There rarely is a best technology for theater sound. That which works
best there is typically called innovation and gaff tape;)
At any rate, on to the post, I wasn't expecting a full blown analysis of
Ambisonics, I have read some of those but it has been a while. So your
post covered most of what I needed quite well.
> - The idea to represent the direction of a sound in the way it is done
> in Ambisonics (i.e. using an Ambisonic panner) has nothing at all to do
> with the rest of Ambisonics technology. It is just the 'mathematically
> obvious' way to encode directional information, more or less in the
> same way as complex numbers map naturally to points in a plane, or HSV
> is a 'natural' way to represent colors. The amount of 'detail' increases
> with the order of the system, which translates directly to the number
> of bus signals needed.
So what you are describing would essentially be ambisonic encoding until
the final stage of bounce then, and the speaker layout would be
determined at the final stage of bounce to file, or playback, or
whatever, correct?

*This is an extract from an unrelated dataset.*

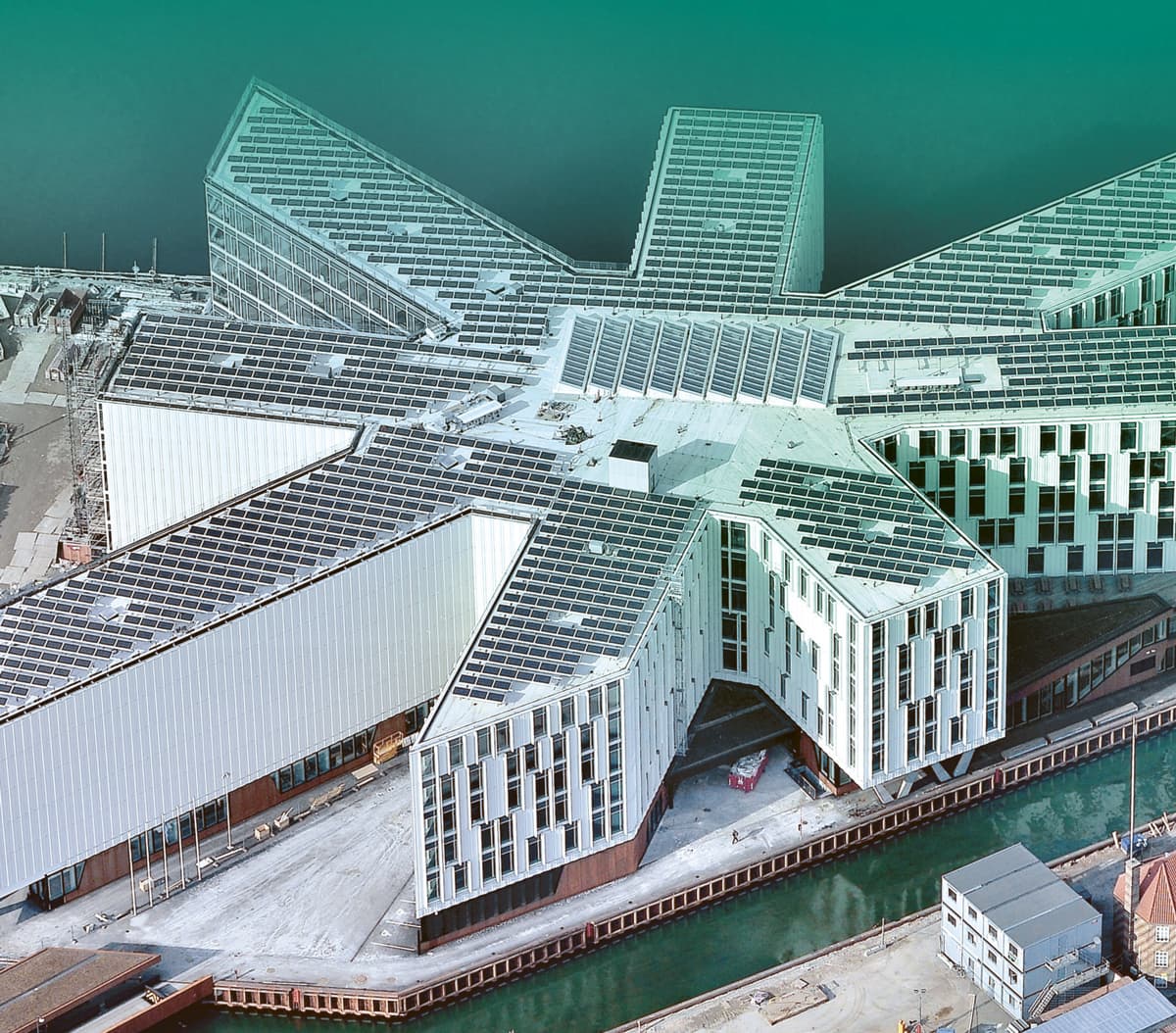 Aerial view of a large, modern, star-shaped building with multiple wings, situated next to a waterway. The building features numerous windows and solar panels on the roof.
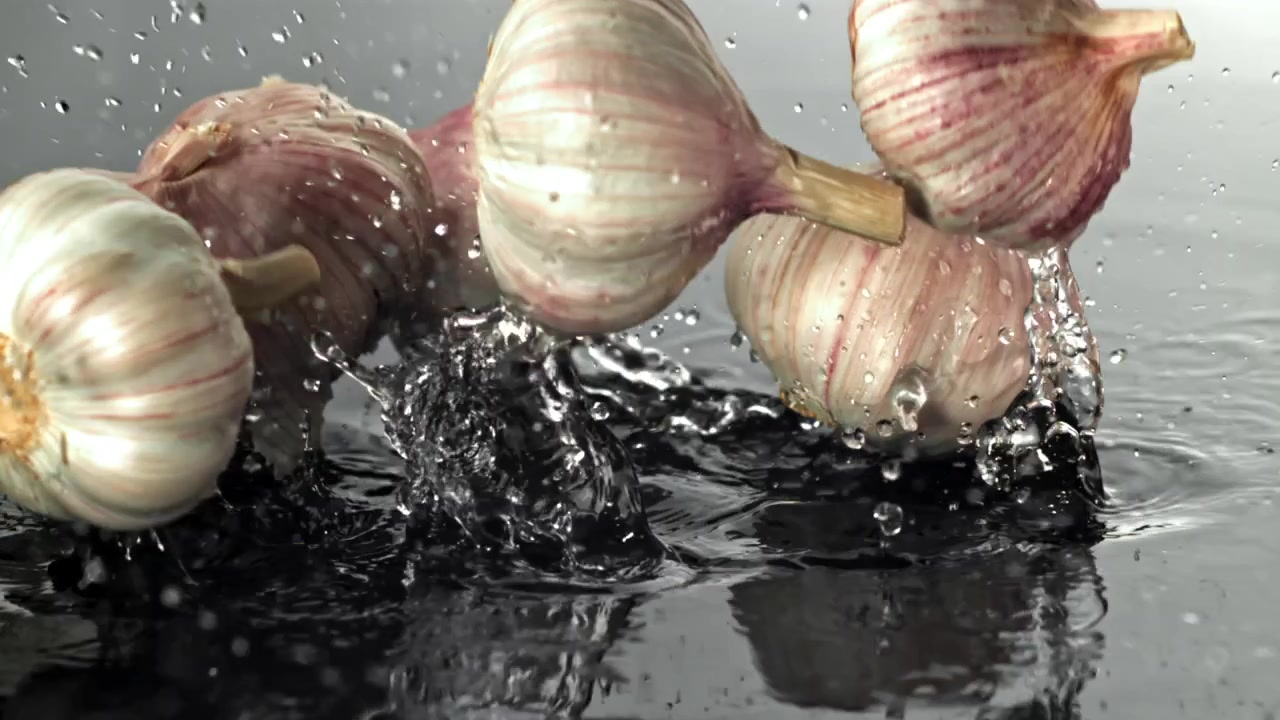 Bulbi d'aglio freschi che cadono nell'acqua al rallentatore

Just trying to understand what may become the
endgoal for a panning system in Ardour, especially since I think you hit
on(And responded to) a previous post I had done with suggestions about
multi-channel panning in Ardour.
So in effect how it would work is that each channel would get pan and
automation done in the Ambisonic 'style'. The location of speakers
would mean nothing at this point. However if played back that audio and
locational data is then sent through an ambisonic decoder which would
provide the correct number of channels to be mixed together post decoder
stage, the channel fader would modify the group of channels sent to the
main mix level as normal, and the master fader would modify the overall
level of the main mix as normal, correct?
In that case does it mean each channel would have to have its own
decoder running that would just get fed information from the overall
setup of the project? How would that affect cpu useage per track on
average? (Obviously not expecting a exact number as that is impossible
with so many possible different setups, but possibly a comparison vs the
stereo panner implemented now?)
Also how would this affect plugin useage? For instance at first glance
it would seem that in order for the plugin to be useful, particularly
multichannel reverbs or other similar plugins, the decoding would have
to have already been done correct? Would that affect in any way how
they would respond to the audio data passed to them, or would they get
the original data and be run through the decoder just the same, using
the same parameters for distance and direction as the original audio would?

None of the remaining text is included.